Work to complete: What is needed is an exact printout of all the data.

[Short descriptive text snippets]
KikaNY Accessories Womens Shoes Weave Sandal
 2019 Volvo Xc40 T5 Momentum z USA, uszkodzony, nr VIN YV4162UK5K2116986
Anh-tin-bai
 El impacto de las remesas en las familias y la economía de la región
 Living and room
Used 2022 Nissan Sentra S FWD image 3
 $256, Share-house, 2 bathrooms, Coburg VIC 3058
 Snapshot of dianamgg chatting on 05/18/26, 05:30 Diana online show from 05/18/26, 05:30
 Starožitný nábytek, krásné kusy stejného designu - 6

Exercise output:
KikaNY Accessories Womens Shoes Weave Sandal
 2019 Volvo Xc40 T5 Momentum z USA, uszkodzony, nr VIN YV4162UK5K2116986
Anh-tin-bai
 El impacto de las remesas en las familias y la economía de la región
 Living and room
Used 2022 Nissan Sentra S FWD image 3
 $256, Share-house, 2 bathrooms, Coburg VIC 3058
 Snapshot of dianamgg chatting on 05/18/26, 05:30 Diana online show from 05/18/26, 05:30
 Starožitný nábytek, krásné kusy stejného designu - 6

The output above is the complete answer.